The designer, who is jetting from Germany to Japan every two months, said all the travel is a bit of a drain but immersing herself in her work allows her to overcome the jet lag rather quickly. That situation is set to change as Sander shifts more of her Uniqlo design work to her hometown of Hamburg. “I still have a big studio there,” she stressed.
Although she doesn’t rule out the possibility of returning to high fashion at some point, she said it’s not in the cards for now and she’s relishing her challenges at Uniqlo. The designer, who rose to fame in the Eighties and Nineties with her tailored basics crafted from luxurious fabrics, said she revels in taking a democratic approach to fashion.
“I try as much as possible to give you a great basic product and what comes out, I feel, is really amazing,” Sander said, adding she has been pleasantly surprised at the quality of many affordable fabrics, including high-tech cottons, silks and cashmere. “You don’t have to pay more to have a great form.”

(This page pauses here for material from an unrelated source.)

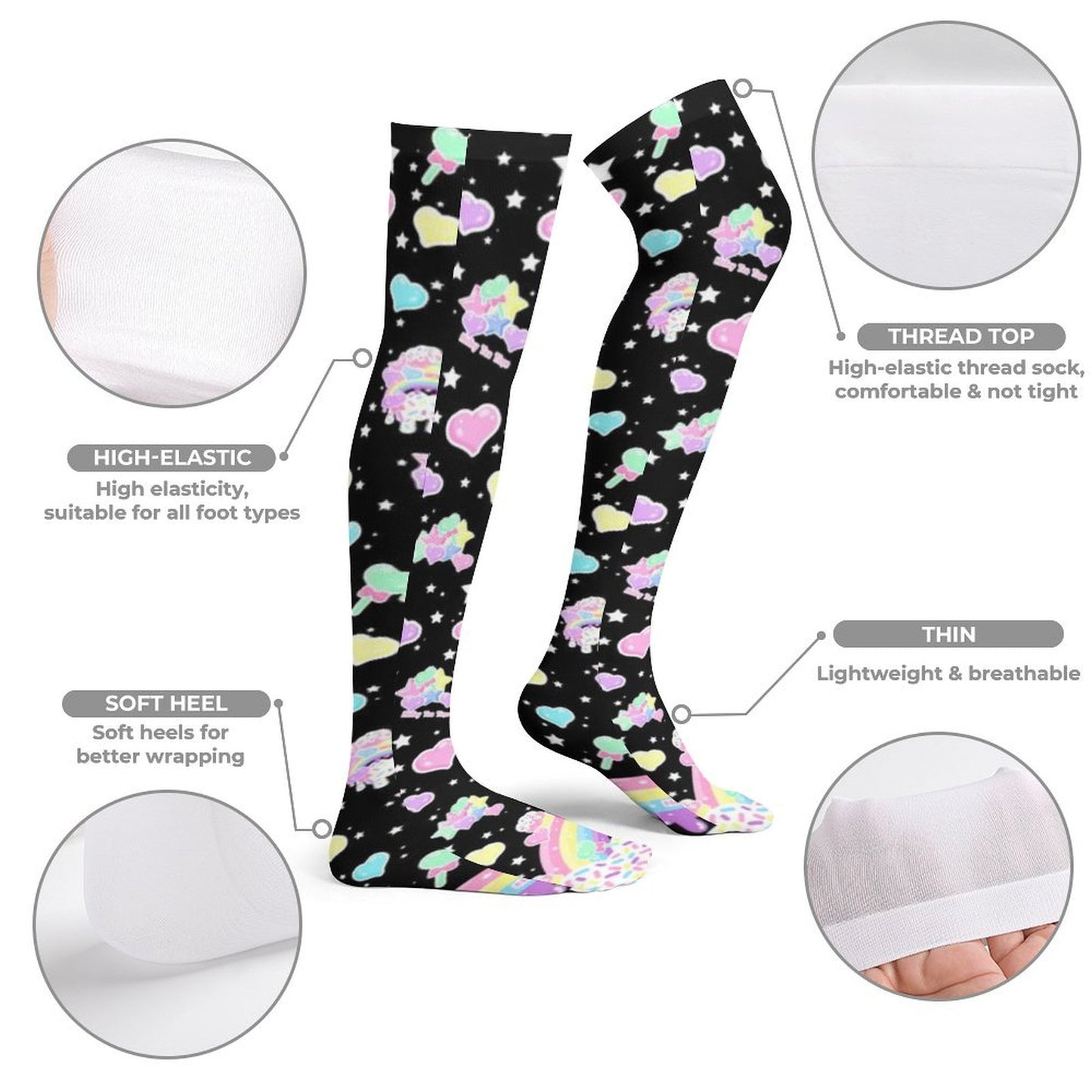 Rainbow Sweets Over Knee Stocking Socks (Black)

She even went so far as to praise her eponymous fashion house, which she famously left in 2004 over disagreements with its then-owner Prada Group, for launching a new diffusion line of its own called Jil Sander Navy. Japan’s Onward Holdings Co. Ltd. now owns the brand she started back in Germany.
“I think it’s very zeitgeist…a reflection that is very right and is maybe also the same feeling I have,” she said. “Otherwise I never would have done [the Uniqlo collaboration].”
When the deal was unveiled last year, Fast Retailing stated Sander would oversee all of Uniqlo’s men’s and women’s apparel but in practice that has yet to happen. The designer is focusing on +J as she still comes to grips with the sheer size of the company, but said she may eventually take on other creative responsibilities. Fast Retailing expects to post annual revenue of 834 billion yen, or $8.9 billion, for its fiscal year ending in August.
“You know, it’s one family,” reasoned the designer. “So we will see for the future how we can improve, how we can [position] the whole brand in a very clear way.”
Through its small, albeit growing, network of international stores, Uniqlo enjoys a clean slate on which to build its accessible yet stylish image. Case in point: The brand just revealed plans to open its second store in the U.S. on Fifth Avenue in New York. But back home in Japan, Uniqlo has more of a utilitarian, mass-market profile. Its chain of about 780 stores has been thriving in the economic downturn but it has done so, at least in part, through markdowns and Wal-Mart-style newspaper ads.
Sander said she thinks Uniqlo’s high-profile moves abroad will ultimately help it in Japan and she’s quick to credit Fast Retailing’s chairman and chief executive officer Tadashi Yanai, who also happens to be Japan’s richest man.
“He’s extremely open and very modern in his vision, so this is very helpful for me. We are exchanging our skills from our different worlds,” she said.
Sander’s rapport with her new corporate backers seems to contrast sharply with her history of dramatic departures and clashes with Prada ceo Patrizio Bertelli. But the designer insists “we are on a new planet” now and she just wants to move on.
“I don’t look back at all. Especially in this case, we never had a personal disagreement. It was maybe the situation of the time,” she said of Bertelli, before changing the subject back to her current gig at Uniqlo.
“I think we built a very good relationship and that’s important,” she concluded. “It’s responsible.”